Sunbridge in 2026: A Local Agent's Honest Update on Weslyn Park, The Watershed, and What's Actually Built
Sunbridge in 2026: A Local Agent's Honest Update on Weslyn Park, The Watershed, and What's Actually Built
Most of the content you'll find online about Sunbridge reads like a sales brochure. This isn't that.
Two years ago I published a video telling buyers that Sunbridge — Tavistock's 27,000-acre master-planned community spanning Osceola and Orange counties — was worth betting on. I live down the road from Weslyn Park, the neighborhood actively selling homes inside Sunbridge right now. I drive through it weekly. I watch what's being built, what's being sold, and what's being delayed.
Here's the honest 2026 update: what got built, what got pushed, what changed, and who this community is actually right for today.
What Is Sunbridge? (And Where Weslyn Park Fits)
Sunbridge is a 27,000-acre master-planned community developed by Tavistock — the same developer behind Lake Nona. It spans both Osceola and Orange counties and is being built out over multiple decades in phases.
Weslyn Park is the first residential neighborhood actively selling homes, located in the Osceola County section off Cyrils Drive. When people say they're "looking at Sunbridge," they almost always mean Weslyn Park, because it's the only place you can actually buy a home there right now.
Other phases — including Tri Pointe's Neighborhood D-East on the east side and a new phase north of Voyager K-8 — are breaking ground or coming soon. South of Cyrils Drive, future development is planned to include townhomes and mixed-use multi-family in the pattern Tavistock used for Pixon at Lake Nona.
Sunbridge in 2026: What Actually Got Built
Two years ago, Weslyn Park had residents, streets, and bones — but it had the quiet of something started and not yet settled. Today it has a heartbeat. Here's the concrete list of what's changed on the ground.
What's open and operating right now:
Acorn Park — with pool, great lawn, and playground — has been open and active. Voyager K-8, the environmental STEM school, opened August 12, 2024 and is now in its second school year. Publix opened at the corner of Narcoossee Road and Cyrils Drive on December 12, 2024. Toll Brothers sold out of Weslyn Park in February 2025 and immediately took down 436 lots in the Orange County section of Sunbridge.
What's under active construction right now:
A new residential phase north of Voyager K-8 is breaking ground with ICI Homes, M/I Homes, Perry Homes, Ashton Woods, and Dream Finders. Dog parks, community gardens, and playgrounds for that phase are already in development — not renderings. Tri Pointe Homes is set to break ground on Neighborhood D-East (289 lots) in early 2026.

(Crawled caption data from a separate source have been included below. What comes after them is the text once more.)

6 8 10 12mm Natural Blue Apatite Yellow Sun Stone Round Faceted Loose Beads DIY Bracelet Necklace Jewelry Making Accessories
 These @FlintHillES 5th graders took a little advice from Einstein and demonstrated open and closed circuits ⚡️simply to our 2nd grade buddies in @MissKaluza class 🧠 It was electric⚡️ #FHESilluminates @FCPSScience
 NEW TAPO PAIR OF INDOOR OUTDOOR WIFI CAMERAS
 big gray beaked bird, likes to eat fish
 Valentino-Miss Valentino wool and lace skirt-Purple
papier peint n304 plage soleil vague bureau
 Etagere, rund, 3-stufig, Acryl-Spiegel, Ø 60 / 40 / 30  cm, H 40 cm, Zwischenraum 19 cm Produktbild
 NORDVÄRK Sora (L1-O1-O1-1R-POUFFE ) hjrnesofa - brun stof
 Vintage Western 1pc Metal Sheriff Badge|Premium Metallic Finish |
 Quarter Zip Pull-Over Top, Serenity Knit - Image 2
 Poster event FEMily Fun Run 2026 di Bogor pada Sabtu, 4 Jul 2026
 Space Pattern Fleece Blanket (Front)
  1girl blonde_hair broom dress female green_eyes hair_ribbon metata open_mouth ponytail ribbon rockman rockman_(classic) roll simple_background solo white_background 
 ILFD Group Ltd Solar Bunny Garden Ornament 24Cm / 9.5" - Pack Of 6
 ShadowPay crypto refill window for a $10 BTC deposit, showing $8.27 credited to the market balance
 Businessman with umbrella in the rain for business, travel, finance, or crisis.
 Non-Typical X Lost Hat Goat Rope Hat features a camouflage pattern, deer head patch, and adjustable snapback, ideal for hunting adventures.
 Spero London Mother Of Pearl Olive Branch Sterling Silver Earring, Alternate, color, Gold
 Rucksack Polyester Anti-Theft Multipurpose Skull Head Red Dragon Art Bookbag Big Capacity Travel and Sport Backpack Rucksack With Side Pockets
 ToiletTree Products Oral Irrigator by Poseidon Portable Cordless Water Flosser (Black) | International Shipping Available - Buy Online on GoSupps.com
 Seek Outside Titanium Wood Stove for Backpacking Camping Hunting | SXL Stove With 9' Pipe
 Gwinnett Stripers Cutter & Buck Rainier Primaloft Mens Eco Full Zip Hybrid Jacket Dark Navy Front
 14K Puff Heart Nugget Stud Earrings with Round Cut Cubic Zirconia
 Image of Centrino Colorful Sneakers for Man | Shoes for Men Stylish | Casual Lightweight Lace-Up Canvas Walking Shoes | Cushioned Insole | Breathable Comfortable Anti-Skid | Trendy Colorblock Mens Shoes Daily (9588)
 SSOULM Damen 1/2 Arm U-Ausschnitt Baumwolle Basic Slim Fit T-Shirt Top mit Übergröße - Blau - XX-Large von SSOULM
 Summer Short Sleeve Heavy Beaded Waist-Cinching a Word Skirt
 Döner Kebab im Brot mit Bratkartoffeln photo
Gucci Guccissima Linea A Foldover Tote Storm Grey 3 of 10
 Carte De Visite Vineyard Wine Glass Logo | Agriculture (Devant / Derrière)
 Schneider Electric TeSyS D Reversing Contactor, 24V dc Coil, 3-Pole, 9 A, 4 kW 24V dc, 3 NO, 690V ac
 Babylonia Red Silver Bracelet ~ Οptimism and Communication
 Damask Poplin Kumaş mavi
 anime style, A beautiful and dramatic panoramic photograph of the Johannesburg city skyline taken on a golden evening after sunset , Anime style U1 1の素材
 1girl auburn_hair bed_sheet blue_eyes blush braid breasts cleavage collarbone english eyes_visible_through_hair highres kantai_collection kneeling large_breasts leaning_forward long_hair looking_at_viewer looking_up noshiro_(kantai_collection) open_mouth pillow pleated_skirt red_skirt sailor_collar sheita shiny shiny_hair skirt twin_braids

What's still on the timeline:
The Watershed amenity center and pool are targeting summer 2027. Crane's Landing, the restaurant inside the amenity center, is targeting Q4 2027. Tri Pointe D-East sales are expected to open in 2027.
Source for the Watershed timeline: Tavistock spokesperson, confirmed by GrowthSpotter in February 2026.
Daily Life in Weslyn Park Right Now
Before the investment case, the most common question I get is simpler: what does daily life actually look like if you live here?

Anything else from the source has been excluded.